3. Banqueting Room (West side) [WW1]

Historic Image: Banqueting Room

Banqueting Room as Indian hospital ward, 1915.

Transcript

This magnificent chamber was originally the Banqueting Room, where George the Fourth hosted lavish feasts. In 1915, though, it was converted into a rather exotic hospital ward. Here’s Jody East, Creative Programme Curator at Brighton Museum and Art Gallery, to tell us more:

Jody East

‘When you look at photographs of the Banqueting Room as a ward for the Indian soldiers, it’s a room of contrasts, of two different halves. The bottom half of the room looks very much like a military hospital; you have four rows of beds and there’s probably about 50 beds in this one room, the floor is covered with a khaki coloured lino, there’s boarding across all of the walls to protect the paintings behind. However, above these boards you have these beautifully decorated Chinese pictures, you have these incredible chandeliers hanging from the ceiling above the soldiers’ heads. So you can imagine being a soldier lying injured in bed and looking up at these ornate, heavily decorated, beautiful dragon chandeliers. It must have felt quite surreal after being on the Western Front.’

So why did the Pavilion become a hospital for Indian soldiers? When war broke out, the British army was much smaller than the French and German armies, and battle-ready reinforcements wouldn’t be ready for many months. The Indian Army, on the other hand, was a well-trained standing army, and could be called on instantly. It was mobilised immediately and brought to Europe to fight on the Western Front.

Being so far from home, it was impractical to send sick and wounded soldiers back to India to convalesce, so it was decided to bring them to Britain, initially to hospital ships moored in the English Channel, and then onto the mainland.

The Pavilion was one of three Indian hospitals in Brighton. The town’s workhouse and a local school were also used.

When you’re ready, continue to the next room, the Table Deckers’ Room.

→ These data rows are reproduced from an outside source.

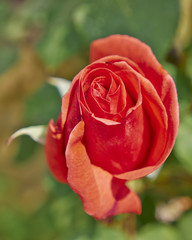 rose flower closeup, natural background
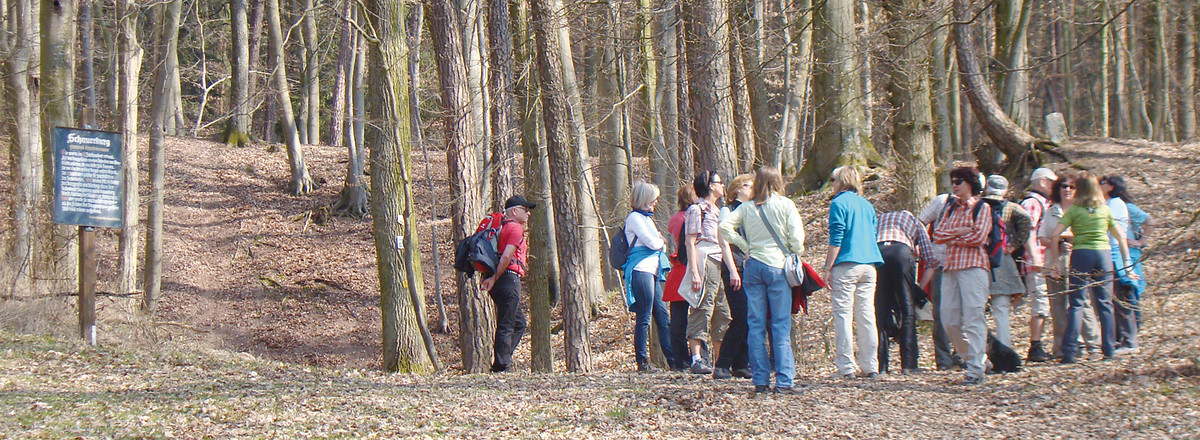 Vor der Ruine Schauerberg &ndash;  (26.03.2012, VGN &copy;&nbsp;VGN GmbH)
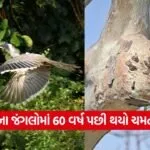 iNDIA 2026 07 14T110055.320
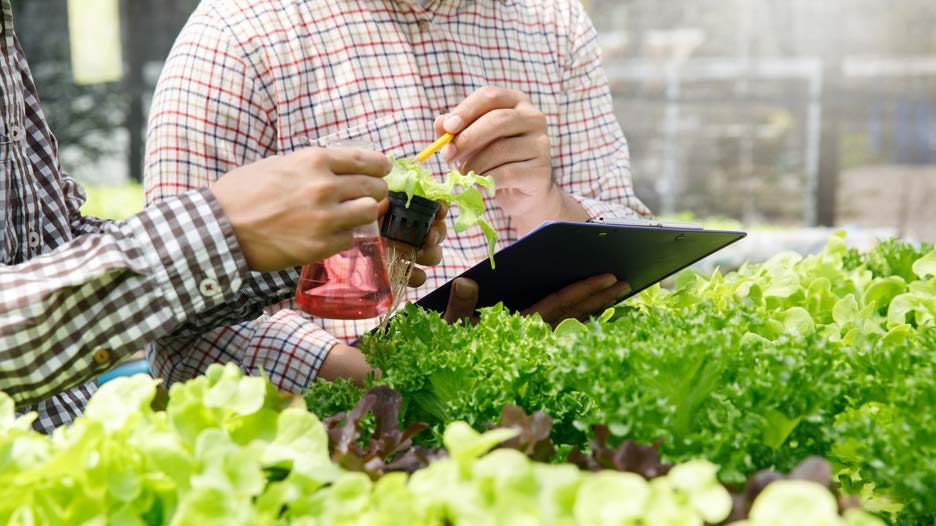 Plant inspection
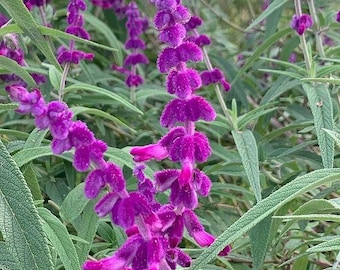 May include: Close-up of vibrant purple Salvia flowers in full bloom. The flowers have a velvety texture and are arranged in dense clusters along the stems. The green leaves provide a contrasting backdrop, creating a visually appealing display of nature's beauty.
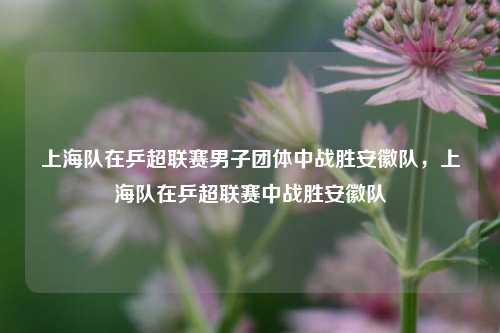上海队在乒超联赛男子团体中战胜安徽队，上海队在乒超联赛中战胜安徽队
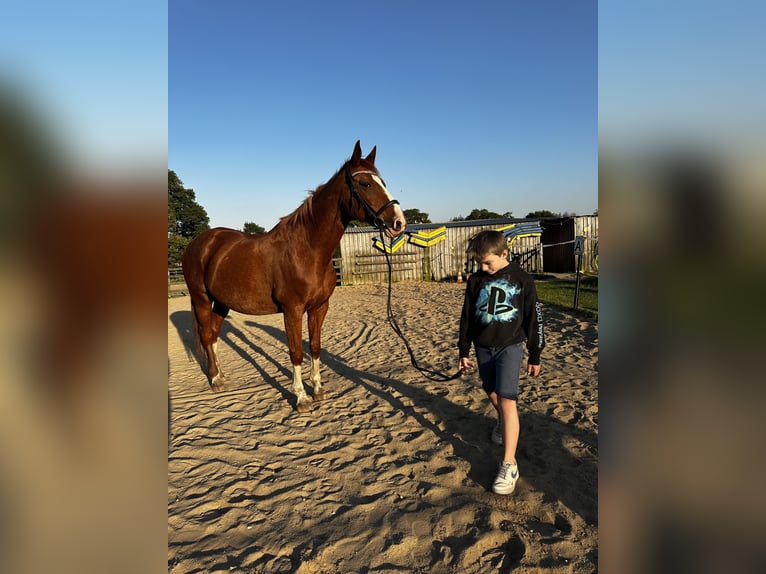 Koń oldenburski Klacz 24 lat 160 cm Kasztanowata in Hemdingen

Mobilising the Indian Army

Local military historian Tom Donovan explains how the Indian army was mobilised:

Tom Donovan

‘Within two days of the declaration of war on 4th August 1914 Indian soldiers were being mobilised, mainly in northern India, in the Punjab and in the frontier districts. By the end of August they’d shipped from Karachi and Bombay to, initially Suez, for a stopover, and then by the end of the month a whole division, that is some 12,000 men, had landed in Marseille in the south of France, and from there they were taken by train up to the middle of France to a place called Orléans, where there was a staging post, a camp set up for the Indians to train and do exercises. From there, very soon after their arrival, by the end of October, they were in the frontline in ditches and trenches around Ypres in Flanders and a little bit further south in France around a place called Bethune, villages that became famous as First World War battlefields, such as Neuve Chapelle, were in the Indian Army Corps sector, the Indian Army held this sector of 15 to 18 miles on its own for almost a year.’